→ **PROVIDED DATA**
────────────────────
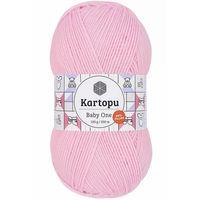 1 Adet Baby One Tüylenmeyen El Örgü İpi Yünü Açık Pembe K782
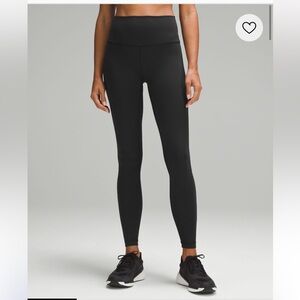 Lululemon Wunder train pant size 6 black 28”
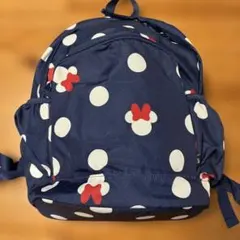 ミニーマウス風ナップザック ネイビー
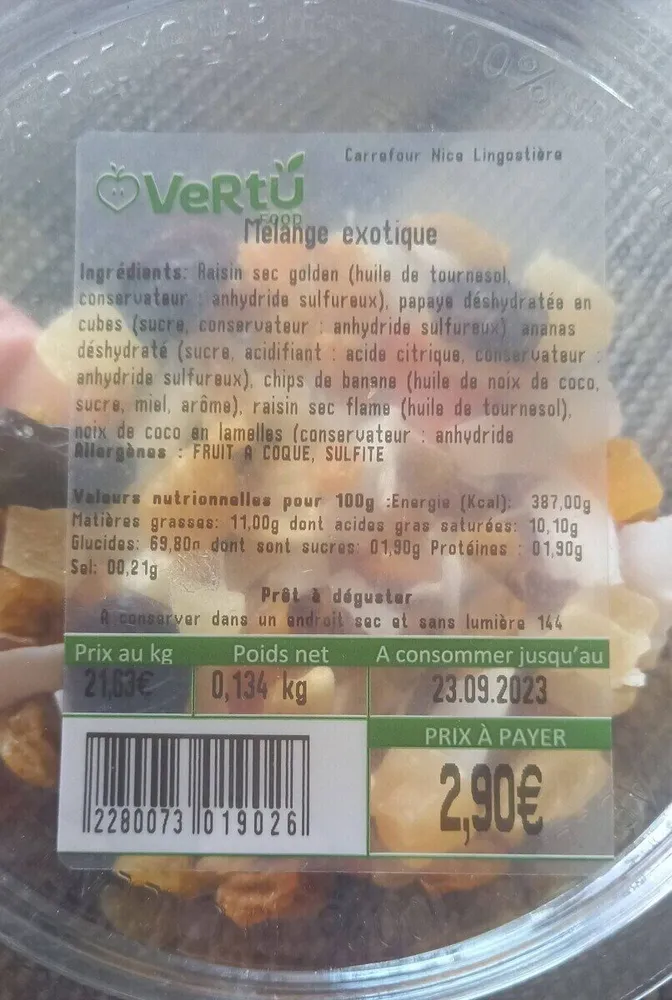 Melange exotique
────────────────────
→ **WORK ITEM**
Give the data above again, exactly, with every picture removed.

→ **EXERCISE RESULT**
 1 Adet Baby One Tüylenmeyen El Örgü İpi Yünü Açık Pembe K782
 Lululemon Wunder train pant size 6 black 28”
 ミニーマウス風ナップザック ネイビー
 Melange exotique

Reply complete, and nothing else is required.